All this, crowned with an able pamphlet on church turrets and Carillon machinery, did not advance my knowledge of Toy Spaniels. I speedily stopped advertising and went to the British Museum. There I spent many months confronted with innumerable books, arranged in countless rows round a room that appears considerably larger than the Albert Hall and Buckingham Palace combined, and had it not been for the kindness and intelligence of the officials I should be there to this day.

A liking for dogs runs in my family. Lord Byron, my great grandfather, wrote verses on his own dog which are too well known to quote, but the epitaph he wrote on a pet dog belonging to Lady Byron is not so well known:

Alas, poor Prim,

I'm sorry for him.

I'd rather by half

It had been Sir Ralph.

Sir Ralph Milbanke being his father-in-law, the verse has the usual caustic Byronic vigour.

Lady Byron had a Black-and-tan Toy Spaniel called Fairy. This dog had a very wavy coat, her eyes were extremely large and her nose short, but not short like the modern dogs. She had a curious temper and liked very few people. The poor thing came to an untimely end, being drowned in a garden tank at Moore place, Esher, in 1846. My father bred Blenheims for many years and owned Bulbul, who was full brother to Oxford Bob, sire of Champion Rollo. My mother also bred Bettina from Bulbul and Juliet, who was got for her by Miss Dillon and was of her strain. All these appear in the pedigrees of our show dogs. Seetsu Prince, Snowshower, Fairy Blossom, Storm King, Red Admiral, Kim, Duke Dorynski, Stuart King and Caris are all dogs directly descended from some of the Crabbet dogs.

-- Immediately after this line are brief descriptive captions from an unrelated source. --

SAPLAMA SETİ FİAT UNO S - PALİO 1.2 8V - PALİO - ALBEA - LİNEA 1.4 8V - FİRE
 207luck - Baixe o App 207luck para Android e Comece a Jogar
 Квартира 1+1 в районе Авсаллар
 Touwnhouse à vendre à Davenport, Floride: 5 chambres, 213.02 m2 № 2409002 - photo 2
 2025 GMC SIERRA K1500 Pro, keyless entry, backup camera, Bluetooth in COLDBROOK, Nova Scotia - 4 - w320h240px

I have kept Toy Spaniels from my earliest days, and shall never forget my first sight of a Blenheim Spaniel. I had gone with my mother to visit Miss Dillon in Oxfordshire, and when I awoke on the first morning there suddenly rushed into the room a wonderful thing all fluff and feather. It sprang on to my bed and danced about on my pillow, licking my face and rolling over in an ecstasy of youth and excitement. I thereupon fell head over ears in love with it. It was called Violet, and I could think and talk of nothing else. It nearly broke my heart to go away - in fact, I as good as asked to take it with me - and home was flat and dull after my late revels. Fortunately my nurse had been as much taken with the dog as I, and so we consoled ourselves by talking together of its perfections. Months went by, and then one day a basket arrived addressed to me. I opened it unsuspectingly, and out of it there came a tiny fairy thing that could have stood on a man's hand, a miniature Violet. It was fat, and it was square, and it wagged its little tail and pranced upon its little legs and forthwith tumbled head over heels, as puppies will, and I thought I had never seen anything so lovely.